In a recent TV interview in Boston the interviewer asked him what differentiated him from the other candidates. He replied:

“What I bring to the table, what excites me, why I want to be governor is thirty years’ experience on innovation and improvement. … How you get things to improve. How you bring innovations to scale. That is my forte.”

To help Don refine this concept API organized a webinar featuring Don to which we invited colleagues and friends who were knowledgeable of improvement. The webinar had two purposes: investigate how improvement methods can be adapted to governing a state and to generate financial support for Don’s campaign. The webinar was free.  We used chat features (online comments from participants) to get input from attendees on some of the initiatives that are emerging as Don’s priorities for his administration and how improvement methods could be used to make progress on them. We covered three topics: Using measures to communicate goals, spreading good ideas from one part of the state to another, and using the Model for Improvement to test ideas and solutions.

MEASUREMENT

System level measurement to communicate what we are trying to accomplish and to provide feedback for learning is fundamental to improvement. Few on the call would be satisfied with an improvement initiative that did not contain key outcome measures plotted over time. Shouldn’t we require the same of our public officials and public initiatives? We discussed some measures related to the issues described on the campaign website. For example, total prison population and number of repeat offenders were proposed as measures of success for the Corrections initiative. A time series of the unemployment rate for Massachusetts from 2006-2013 was discussed. The state data was further divided to display the identical time series for eight regions comprising the entire state. Time series graphs of this type would be common in the private sector.

The chat box  contained some insights on considerations in the public sector if graphs such as these were to be used effectively. Don was encouraged to test out some measures displayed over time in some of the small meetings he is holding with constituents. This could be a very informative test of a basic improvement method. One participant suggested that a debate could be structured around a set of measures displayed over time. Each of the debaters could talk about their ideas in the context of the facts and the current situation.They could be prompted by the moderator to predict how long their ideas would take to change the measure for the better. Some recalled that Ross Perot used charts effectively in debates and speeches. Several of the commenters encouraged the use of stories to complement the measures and connect emmotionally with people.

Recognizing that many of the measures that we were discussing were already publicly available, it was suggested that a third party could set up the set of measures and post them on the web to infuse this thinking into campaigns and governing. Don suggested that in Massachusetts this might be done by the Massachetts Budget and Policy Center http://www.massbudget.org/


SPREAD

Methods for spread of improvements and rapid scale up of promising prototypes are at the leading edge of improvement science. Don told the group that he had encountered numerous ideas or working solutions in one part of the state that could be spread to other locations. One he mentioned was the development of the Assembly Square neighborhood in the city of Sommerville as an example of smart growth that creates jobs. He stated that an adapted approach could work in other parts of the state.

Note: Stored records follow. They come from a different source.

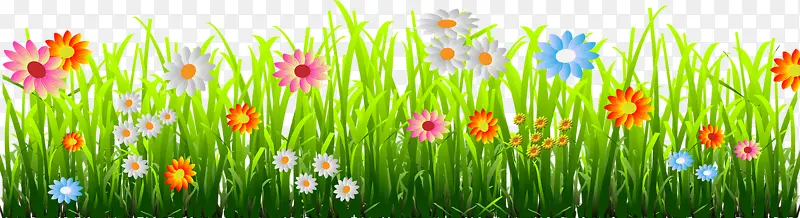 �ֻ��ƺ-������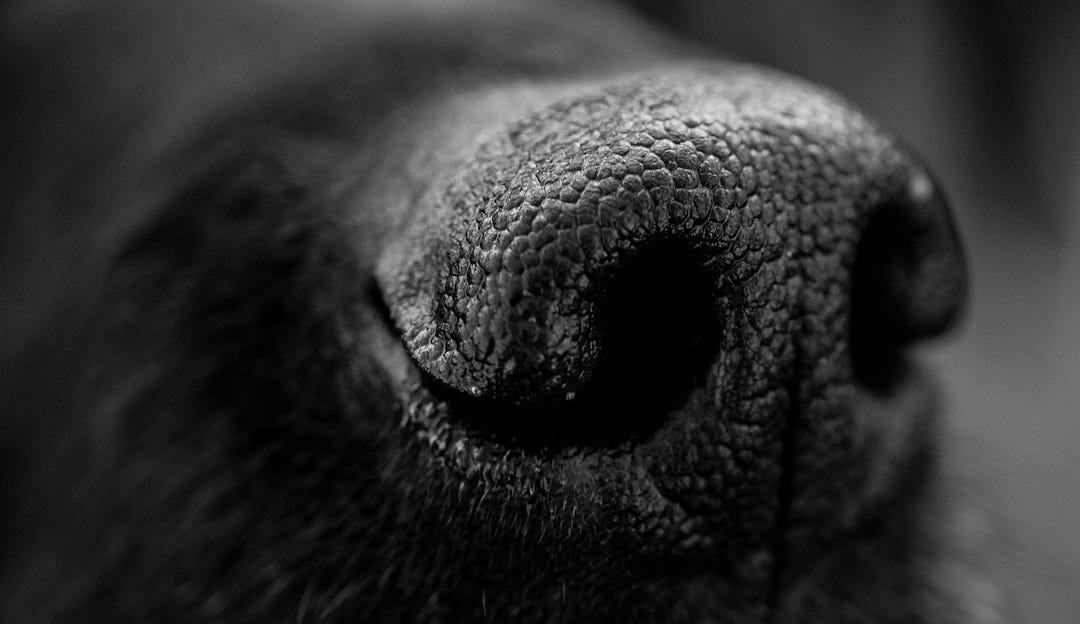 a close up of a black dog's nose a close up of a black dog's nose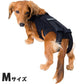 わんコル 持ち手つき Mサイズ 送料無料 犬用品/ペットグッズ/ペット用品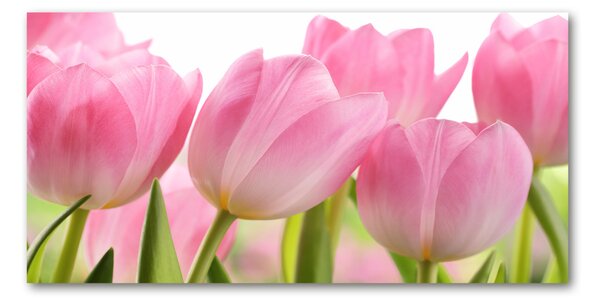 Fotoobraz na skle Růžové tulipány osh-76775867
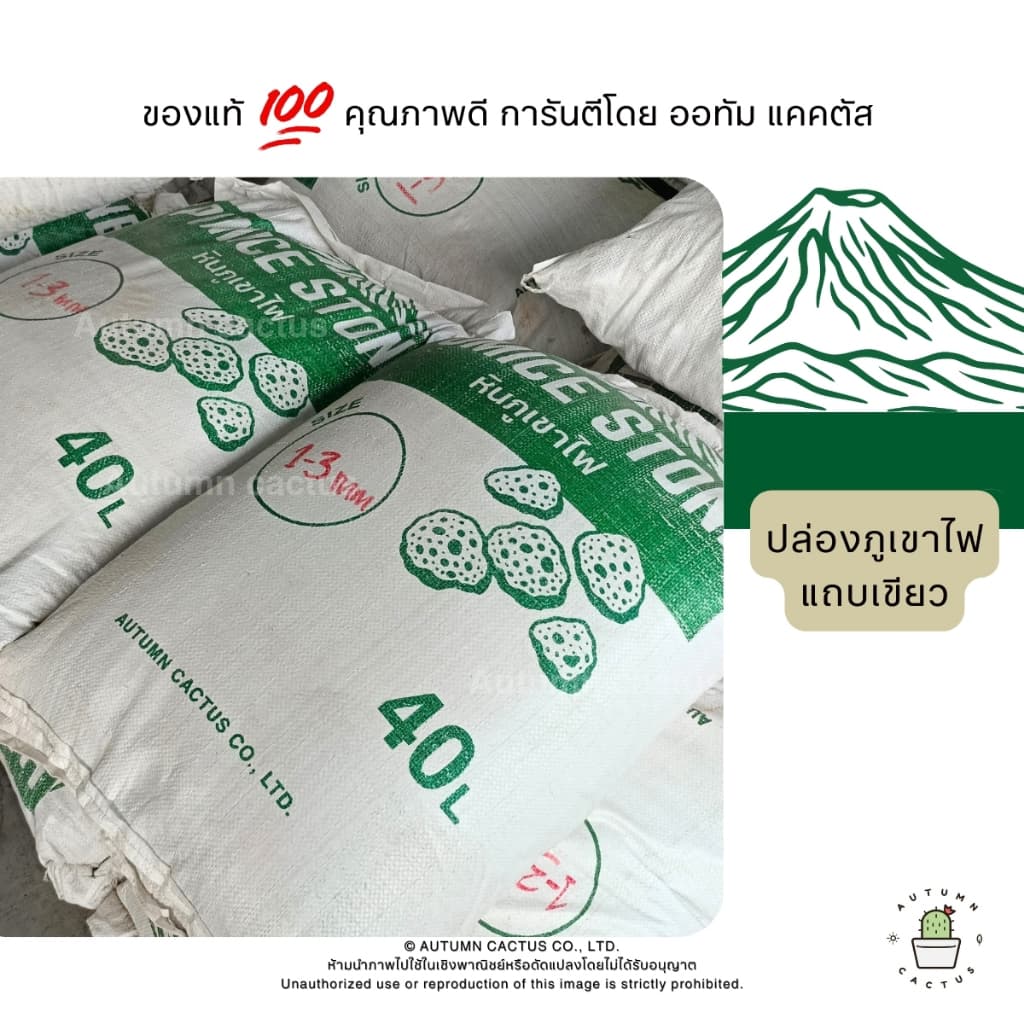 หินภูเขาไฟ Pumice Stone รองก้นกระถาง ผสมดินปลูก หินทำถุงหอม ถุงใหญ่ ขนาด 4ลิตร เบอร์00 เบอร์01 เบอร์02 XL - XXL รูปที่ 7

(http://www.bostonglobe.com/opinion/2014/01/18/somerville-little-city-that-could/Oa7nklkmzYp3PPjArSCRCP/story.html)

The use of collaborative projects consisting of multiple organizations working cooperatively on a common aim was developed and popularized as a method for spreading evidence based practices in health care by Don and colleagues at IHI and API. He pointed out that he has already committed on his campaign website to using this approach in state government: “And I will personally help lead a collaborative project among willing communities in the Commonwealth to construct world-class supports to every child under five.”

The concept of spread is found in other areas of the website: “Massachusetts’ charter schools have demonstrated achievements that can serve as laboratories whose results inform mainstream public education." “Our 15 Massachusetts community colleges are especially important in aligning education and workforce needs. The potential for strong public-private partnerships for community colleges is enormous, and we already have some fine prototypes in the state, and they should be available to all.”


MODEL for IMPROVEMENT

The Model for Improvement was developed by API to serve clients in a variety of industries and sectors. It is composed of three questions about aims, measures, and changes that set up the learning and the Plan Do Study Act, PDSA, cycle to test changes. We discussed how the model might be used in governing a state.

What are we trying to accomplish? Clear goals that articulate the priorities for the administration.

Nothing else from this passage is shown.